▶ Assignment:
Nothing but the lines from the start of the entries through the line containing "Musical Note With" should appear in the answer, each given exactly.

(Data items)

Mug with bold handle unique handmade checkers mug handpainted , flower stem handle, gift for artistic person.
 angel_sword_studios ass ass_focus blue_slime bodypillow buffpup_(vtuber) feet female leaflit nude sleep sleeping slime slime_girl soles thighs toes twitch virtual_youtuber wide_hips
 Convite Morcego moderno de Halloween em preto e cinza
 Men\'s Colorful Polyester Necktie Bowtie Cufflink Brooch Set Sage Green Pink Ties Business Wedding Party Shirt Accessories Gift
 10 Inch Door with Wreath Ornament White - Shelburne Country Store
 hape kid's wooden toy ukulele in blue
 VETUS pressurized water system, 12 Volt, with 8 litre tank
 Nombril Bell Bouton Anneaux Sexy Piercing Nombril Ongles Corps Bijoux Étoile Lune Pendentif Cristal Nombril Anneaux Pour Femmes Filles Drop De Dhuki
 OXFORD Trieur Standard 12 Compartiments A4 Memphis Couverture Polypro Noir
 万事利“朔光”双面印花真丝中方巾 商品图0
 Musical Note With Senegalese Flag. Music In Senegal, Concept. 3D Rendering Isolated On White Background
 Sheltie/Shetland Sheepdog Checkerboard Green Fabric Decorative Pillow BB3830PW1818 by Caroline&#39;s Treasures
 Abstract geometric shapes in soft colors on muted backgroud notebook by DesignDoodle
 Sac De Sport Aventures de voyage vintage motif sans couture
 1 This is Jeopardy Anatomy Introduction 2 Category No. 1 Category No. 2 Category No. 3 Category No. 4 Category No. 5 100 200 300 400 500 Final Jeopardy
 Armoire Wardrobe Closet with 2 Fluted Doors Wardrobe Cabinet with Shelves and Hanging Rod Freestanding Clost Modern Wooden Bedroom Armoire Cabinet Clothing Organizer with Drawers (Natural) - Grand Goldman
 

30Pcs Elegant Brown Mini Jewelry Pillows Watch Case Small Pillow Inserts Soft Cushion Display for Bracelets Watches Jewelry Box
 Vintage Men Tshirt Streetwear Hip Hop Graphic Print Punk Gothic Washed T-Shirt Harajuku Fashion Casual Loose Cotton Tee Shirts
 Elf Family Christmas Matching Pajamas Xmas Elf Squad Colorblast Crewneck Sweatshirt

▶ Answer section:
Mug with bold handle unique handmade checkers mug handpainted , flower stem handle, gift for artistic person.
 angel_sword_studios ass ass_focus blue_slime bodypillow buffpup_(vtuber) feet female leaflit nude sleep sleeping slime slime_girl soles thighs toes twitch virtual_youtuber wide_hips
 Convite Morcego moderno de Halloween em preto e cinza
 Men\'s Colorful Polyester Necktie Bowtie Cufflink Brooch Set Sage Green Pink Ties Business Wedding Party Shirt Accessories Gift
 10 Inch Door with Wreath Ornament White - Shelburne Country Store
 hape kid's wooden toy ukulele in blue
 VETUS pressurized water system, 12 Volt, with 8 litre tank
 Nombril Bell Bouton Anneaux Sexy Piercing Nombril Ongles Corps Bijoux Étoile Lune Pendentif Cristal Nombril Anneaux Pour Femmes Filles Drop De Dhuki
 OXFORD Trieur Standard 12 Compartiments A4 Memphis Couverture Polypro Noir
 万事利“朔光”双面印花真丝中方巾 商品图0
 Musical Note With Senegalese Flag. Music In Senegal, Concept. 3D Rendering Isolated On White Background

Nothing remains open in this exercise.